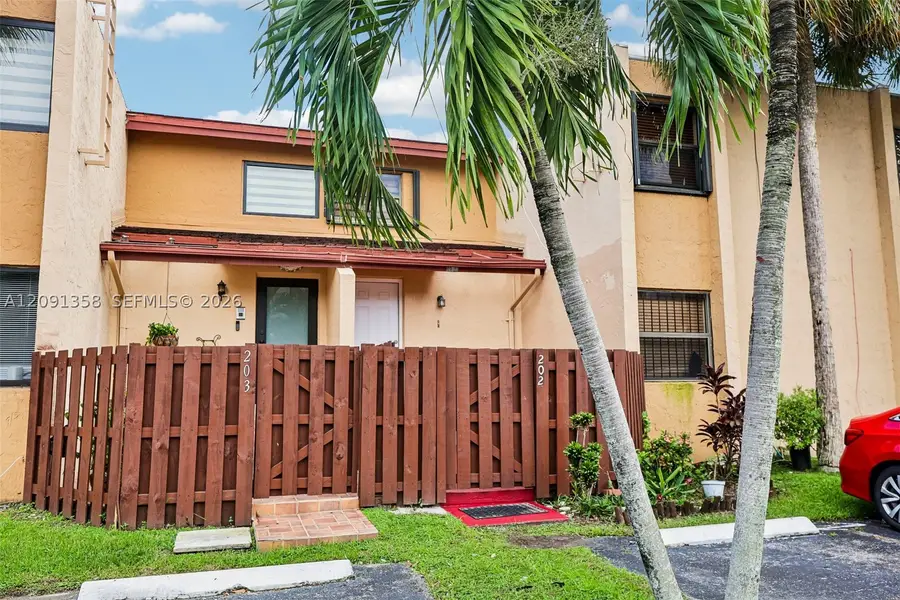 241 W Park #5-202, Miami, FL 33172 - #3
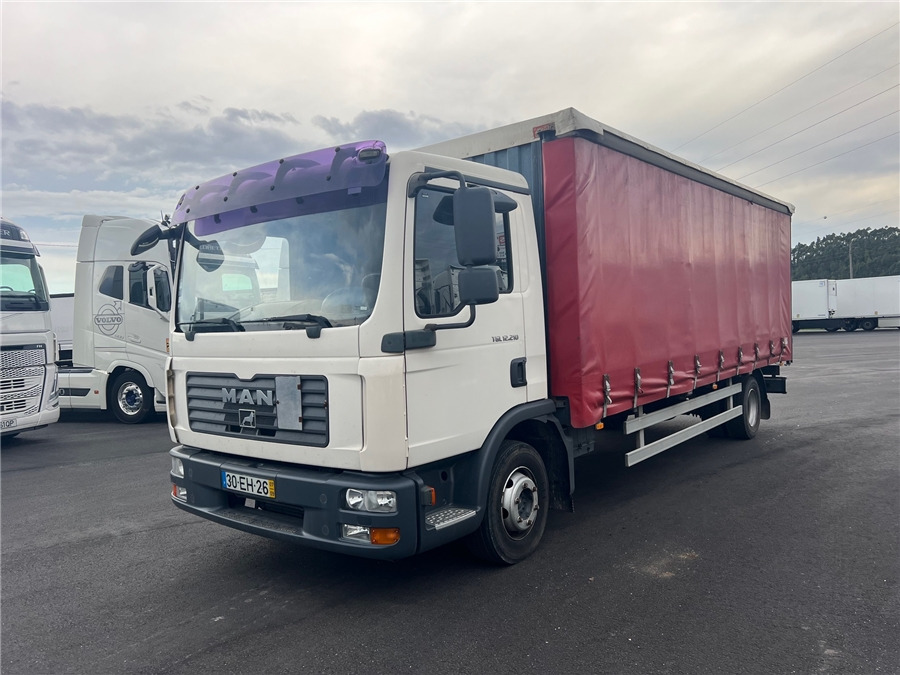 MAN TGL 12.210 - Curtainsider truck: picture 3 MAN TGL 12.210 - Curtainsider truck: picture 3
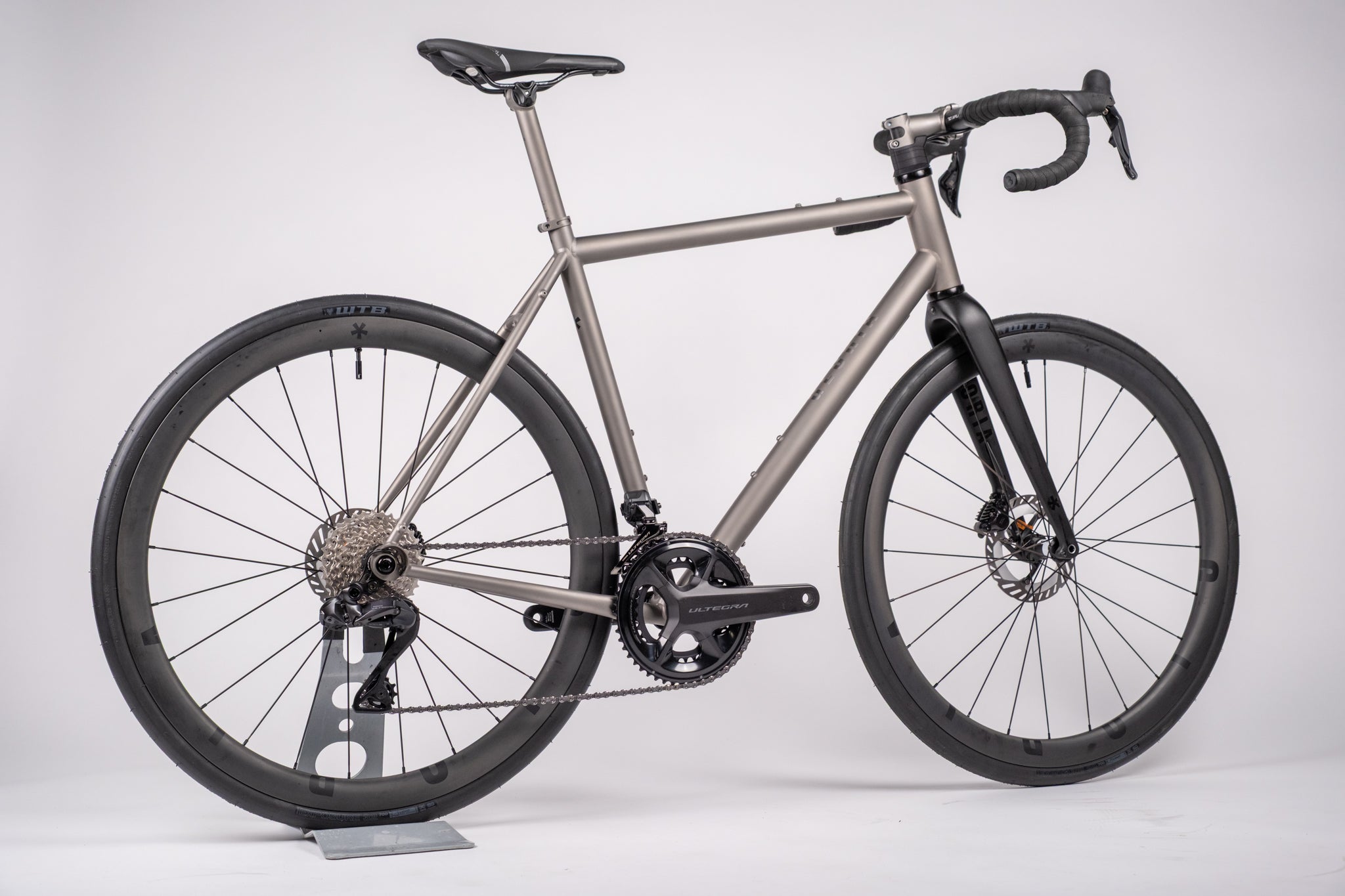 Gloria All Road - Shimano Ultegra Di2 - Carbon Wheelset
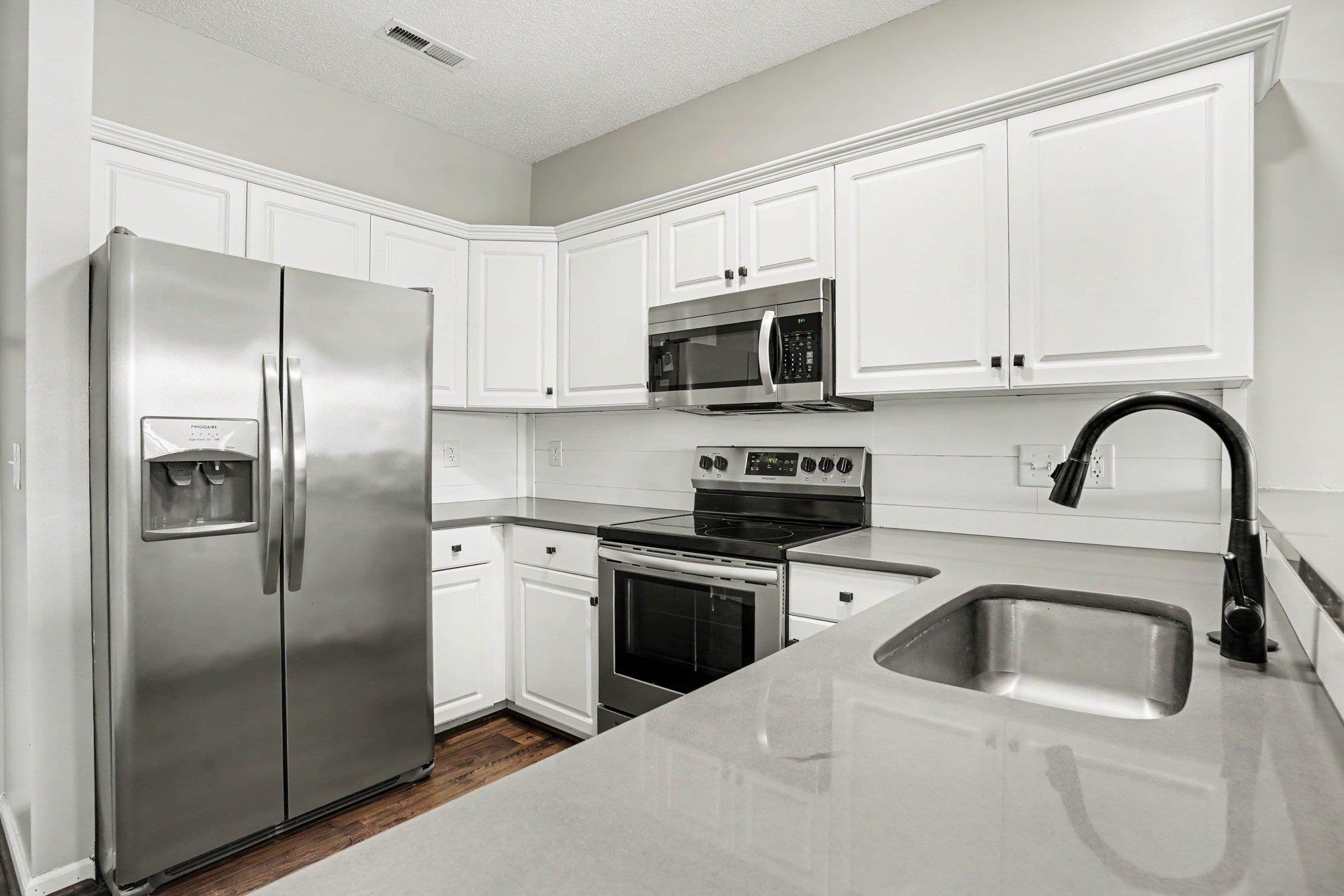 Listing Photo 1 - Condo for sale in building located at 2020 Cross Gate Blvd, Surfside Beach, SC 29575 - Unit #302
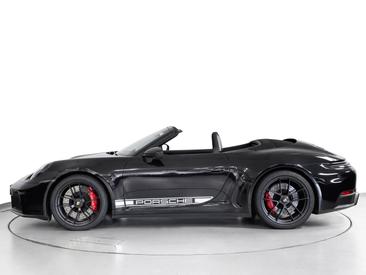 Porsche 992 II Carrera GTS Cabriolet — photo 2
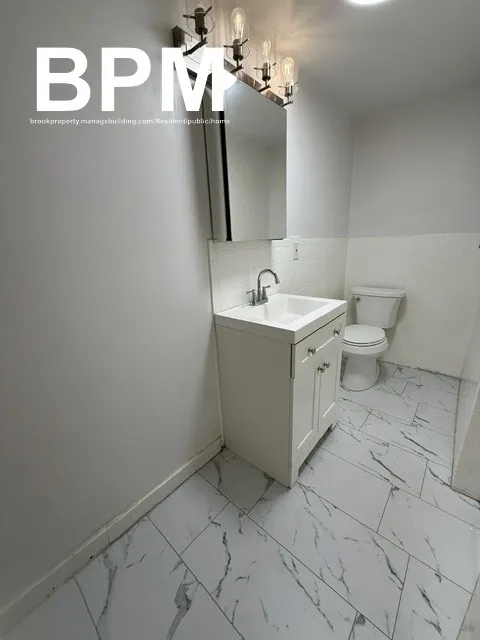 1 bed, 1 bath apartment for rent at 124 Felton St Unit 1, Banks Square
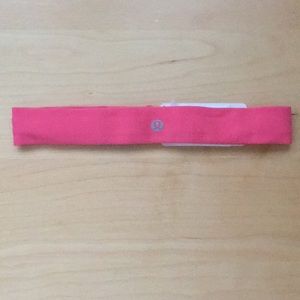 Lululemon skinny fly away tamer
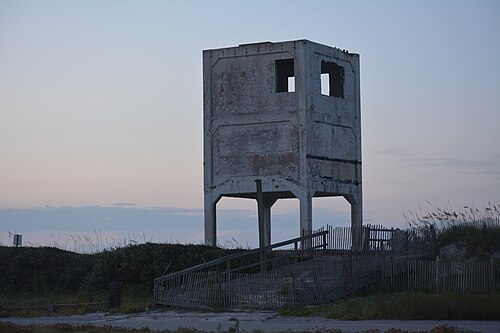 バンブルビー作戦の残骸であるトップセイル島の観測塔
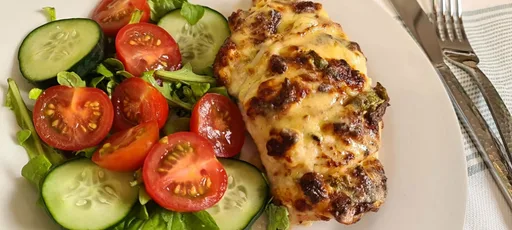 Pollo relleno de jalapeño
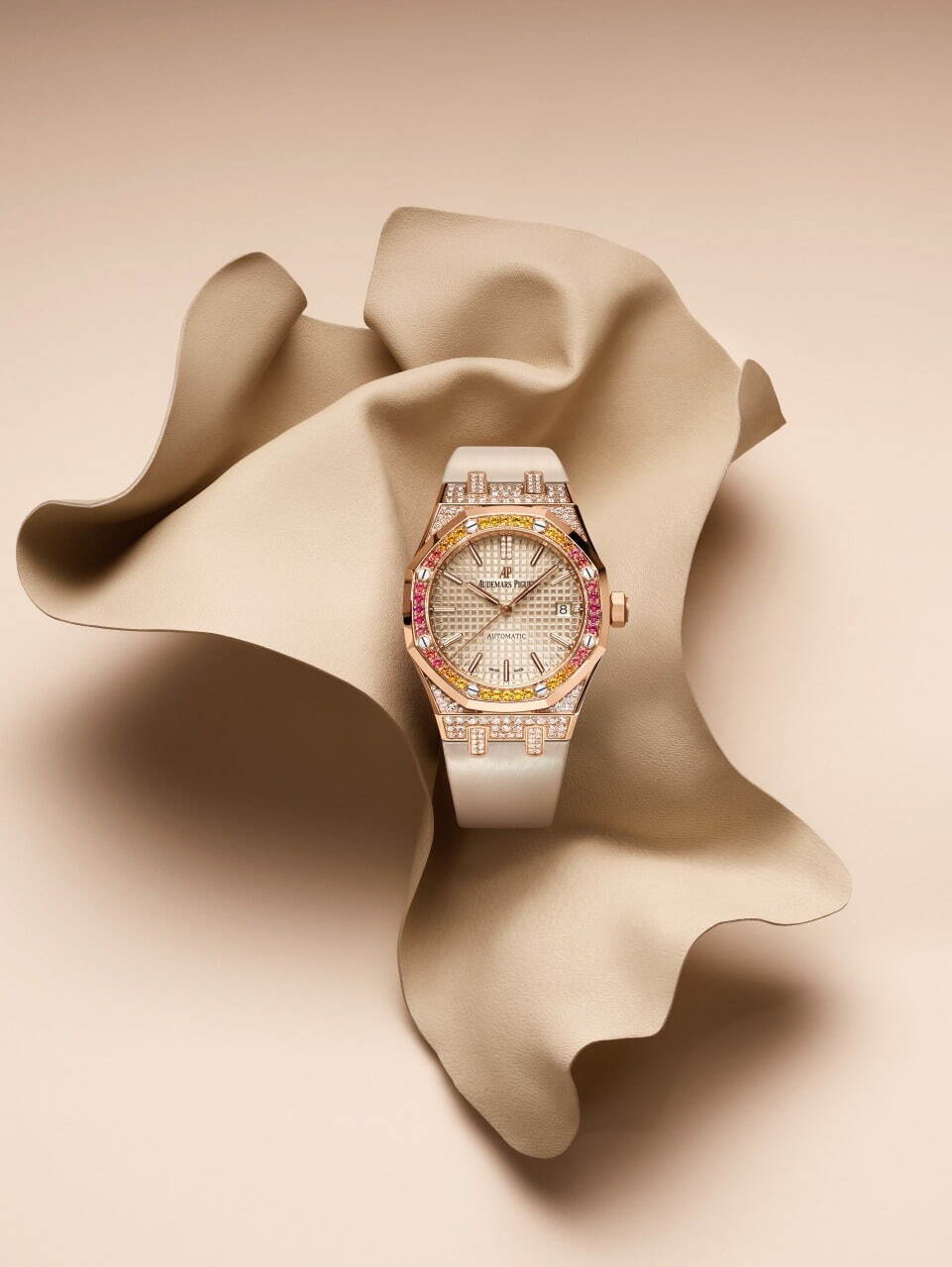 オーデマ ピゲの新作腕時計、ダイヤモンドとカラフルなジェムストーンを配したゴージャスな2型｜写真8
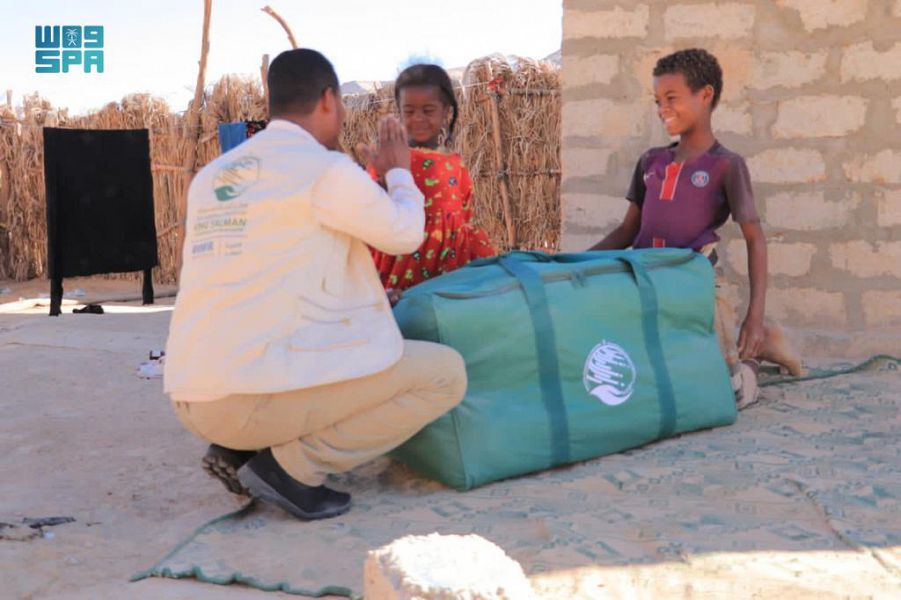 مركز الملك سلمان للإغاثة يقدم مساعدات إنسانية طارئة للمتضررين من السيول بمحافظه حضرموت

= = = = = = =

## [EXERCISE DESCRIPTION]
Once the pictures are set aside, retype the rest of the listing exactly.

## [EXERCISE OUTPUT]
 241 W Park #5-202, Miami, FL 33172 - #3
 MAN TGL 12.210 - Curtainsider truck: picture 3 MAN TGL 12.210 - Curtainsider truck: picture 3
 Gloria All Road - Shimano Ultegra Di2 - Carbon Wheelset
 Listing Photo 1 - Condo for sale in building located at 2020 Cross Gate Blvd, Surfside Beach, SC 29575 - Unit #302
 Porsche 992 II Carrera GTS Cabriolet — photo 2
 1 bed, 1 bath apartment for rent at 124 Felton St Unit 1, Banks Square
 Lululemon skinny fly away tamer
 バンブルビー作戦の残骸であるトップセイル島の観測塔
 Pollo relleno de jalapeño
 オーデマ ピゲの新作腕時計、ダイヤモンドとカラフルなジェムストーンを配したゴージャスな2型｜写真8
 مركز الملك سلمان للإغاثة يقدم مساعدات إنسانية طارئة للمتضررين من السيول بمحافظه حضرموت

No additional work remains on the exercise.